"Nie możemy dopuścić do tego, żeby ten człowiek w Polsce dostał jeszcze jedną szansę" - tak o Donaldzie Tusku mówił w Gdyni prezes PiS Jarosław Kaczyński. - On już tak naszkodził, że niewielu może się z nim porównać. Po 1989 roku to nikt, a przed 1989 to nawet niektórzy sekretarze partyjni zrobili mniej szkód, niż on - dodał wicepremier.
Wicepremier Jarosław Kaczyński wziął udział w konwencji PiS w Gdyni. W swoim wystąpieniu skupił się na kwestiach bezpieczeństwa. Kilka chwil poświęcił jednak również politycznym przeciwnikom, w tym szczególnie jednemu - Donaldowi Tuskowi.
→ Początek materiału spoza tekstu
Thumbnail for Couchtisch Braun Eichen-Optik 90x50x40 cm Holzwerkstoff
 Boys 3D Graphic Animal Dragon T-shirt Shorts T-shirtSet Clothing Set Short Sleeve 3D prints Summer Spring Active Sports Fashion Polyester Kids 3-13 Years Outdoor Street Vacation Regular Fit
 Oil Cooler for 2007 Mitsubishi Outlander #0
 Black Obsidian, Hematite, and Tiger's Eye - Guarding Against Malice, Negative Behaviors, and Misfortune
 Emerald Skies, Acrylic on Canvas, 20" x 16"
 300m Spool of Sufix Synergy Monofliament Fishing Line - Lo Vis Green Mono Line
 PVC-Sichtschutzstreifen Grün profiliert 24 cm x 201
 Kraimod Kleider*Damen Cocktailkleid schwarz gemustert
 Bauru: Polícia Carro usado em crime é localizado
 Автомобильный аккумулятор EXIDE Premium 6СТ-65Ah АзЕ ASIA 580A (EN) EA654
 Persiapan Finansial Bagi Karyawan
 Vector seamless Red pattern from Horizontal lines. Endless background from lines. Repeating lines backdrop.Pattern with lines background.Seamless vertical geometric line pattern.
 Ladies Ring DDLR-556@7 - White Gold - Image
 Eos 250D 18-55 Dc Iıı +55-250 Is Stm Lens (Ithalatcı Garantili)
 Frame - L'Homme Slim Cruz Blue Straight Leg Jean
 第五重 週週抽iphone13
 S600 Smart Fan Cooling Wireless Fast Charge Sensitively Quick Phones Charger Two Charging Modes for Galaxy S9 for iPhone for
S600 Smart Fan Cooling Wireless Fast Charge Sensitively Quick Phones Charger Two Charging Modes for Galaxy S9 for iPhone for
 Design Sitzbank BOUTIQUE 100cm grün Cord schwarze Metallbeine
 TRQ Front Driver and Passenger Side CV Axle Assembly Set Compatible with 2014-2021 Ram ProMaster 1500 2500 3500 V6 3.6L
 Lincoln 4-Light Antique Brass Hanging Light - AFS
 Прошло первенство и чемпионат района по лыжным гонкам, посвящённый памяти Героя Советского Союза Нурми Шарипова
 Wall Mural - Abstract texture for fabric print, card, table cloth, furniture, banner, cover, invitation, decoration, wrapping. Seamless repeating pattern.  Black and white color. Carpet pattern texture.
Kaczyński nie ma o nim dobrej opinii, czego wyrazem są słowa, które padły w Gdyni.
Nie możemy dopuścić do tego, żeby ten człowiek w Polsce dostał jeszcze jedną szansę. On już tak naszkodził, że niewielu może się z nim porównać. Po 1989 roku to nikt, a przed 1989 to nawet niektórzy sekretarze partyjni zrobili mniej szkód, niż on.
"Do Berlina!" - zaczęli skandować uczestnicy gdyńskiej konwencji PiS. Wtedy prezes partii zaproponował... jeszcze jeden kierunek dla swojego politycznego przeciwnika.
To dobra rada, ale są też inne opcje. Jest też opcja moskiewska, Putin też z otwartymi rękami przyjmie. Na Sybir? Nie nie, w żadnym wypadku. Będzie tam (w Moskwie) dobrze przyjęty. "Nasz człowiek w Warszawie" - tak o nim pisano.